A oficina foi idealizada e ministrada por Mila Nascimento, especialista em arte-educação e cineasta formada pela Universidade Federal de Pernambuco (UFPE). Com atuação também como produtora e montadora de cinema, Mila desenvolve oficinas de criação com celular e produção de microdocumentários ligados ao cotidiano e ao território. Em Aguiar, essa experiência orientou o processo de criação dos cinco filmes.
“Uma das coisas mais importantes durante a oficina foi mostrar que ninguém precisava buscar uma grande história fora dali. As histórias já estavam nas casas, nas famílias, nos lugares da cidade, nas crenças e nas lembranças de cada participante. A técnica é importante, mas ela vem para ajudar a organizar e dar forma a esse olhar. Quando uma pessoa percebe que pode usar o celular para registrar o que conhece e transformar isso em um filme, ela também passa a reconhecer o valor da própria experiência e do território onde vive”, afirma Mila.

O Sertão contado por quem o vive
Escolhidos e pesquisados pelos próprios participantes, os cinco trabalhos registram lugares, personagens e modos de vida de Aguiar. Em “Tapuio”, o olhar se volta para a Fazenda Tapuio, sua paisagem e as memórias ligadas à vida rural. “O Chão das Almas: a terra que não pertence mais aos vivos” recupera relatos relacionados ao antigo Cemitério das Almas e à história da cidade.
Já “Um Click de Mestre” apresenta Elias Gomes e sua relação íntima e histórica com a fotografia na cidade. “Crenças do Sertão” aborda manifestações de fé e saberes transmitidos oralmente, enquanto “Fogão de Lenha” parte de um elemento presente em tantas casas do interior para falar sobre memória, afeto e migração.

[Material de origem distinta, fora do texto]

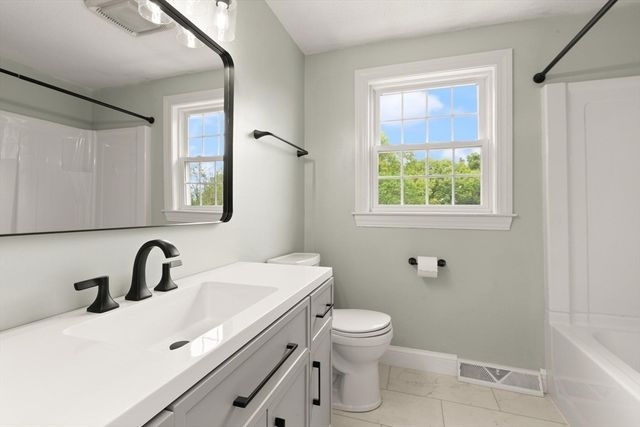 50 Farm Hill Rd, Wrentham, MA 02093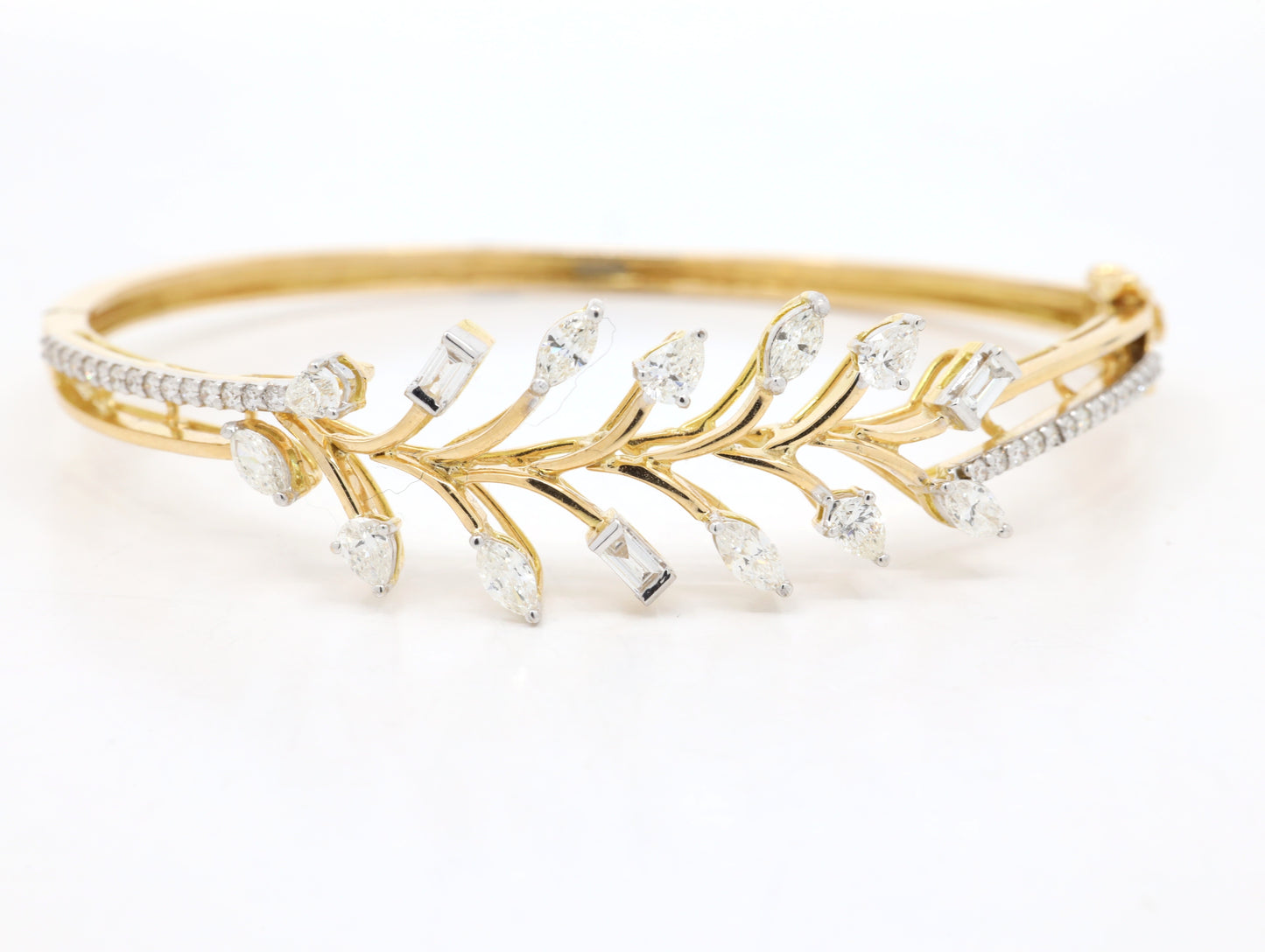 DIAMOND-BRACELE 18K (DBRC-10135)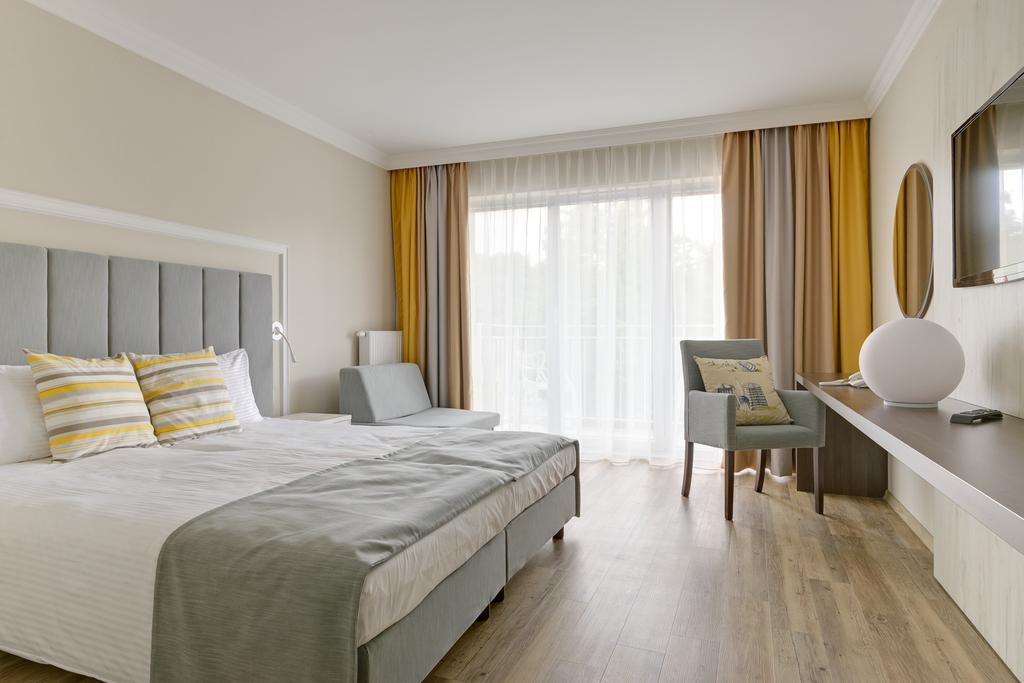 Hotel & Spa Trzy Wyspy シフィノウイシチェ エクステリア 写真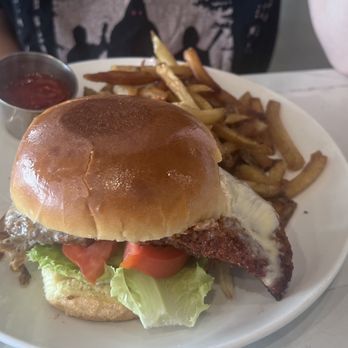 Freshly Greek - Spicy Harissa Chicken Sandwich - Greek Near Me - Lancaster, Pennsylvania
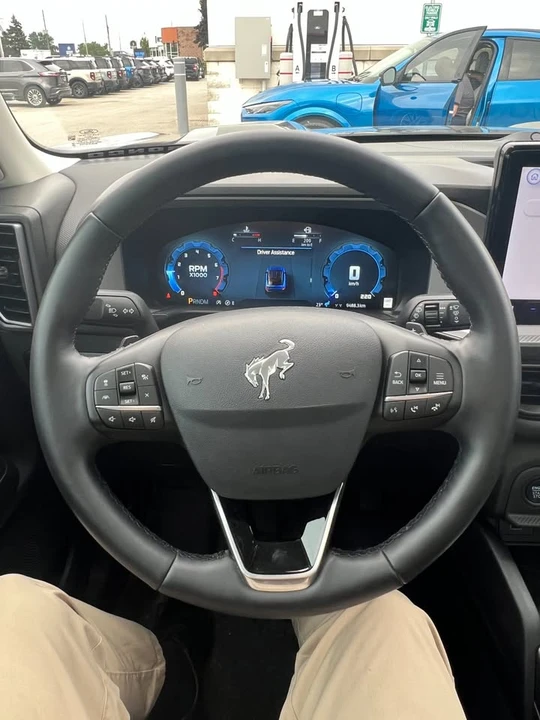 2025 Ford Bronco Sport - Image 10 of 16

As produções foram apresentadas ao público no dia 15 de julho, durante a noite de cinema do Cine Juá que abriu a programação do Festival João Pedro de Aguiar 2026. Realizada na Praça Miguel Izidro Leite, a sessão contou com a presença dos realizadores e de pessoas retratadas ou homenageadas pelos trabalhos. Agora, os cinco curtas estão disponíveis gratuitamente no canal do projeto no YouTube, ampliando o alcance das narrativas produzidas no Vale do Piancó.
A 3ª edição do Cine Juá – Cinema na Palma da Mão é realizada com recursos da Política Nacional Aldir Blanc de Fomento à Cultura (PNAB), por meio do Edital nº 0013/2025 do Fundo de Incentivo à Cultura Augusto dos Anjos (FIC), da Secretaria de Estado da Cultura da Paraíba, com apoio da Prefeitura Municipal de Aguiar, por meio da Secretaria Municipal de Cultura, Esporte e Turismo.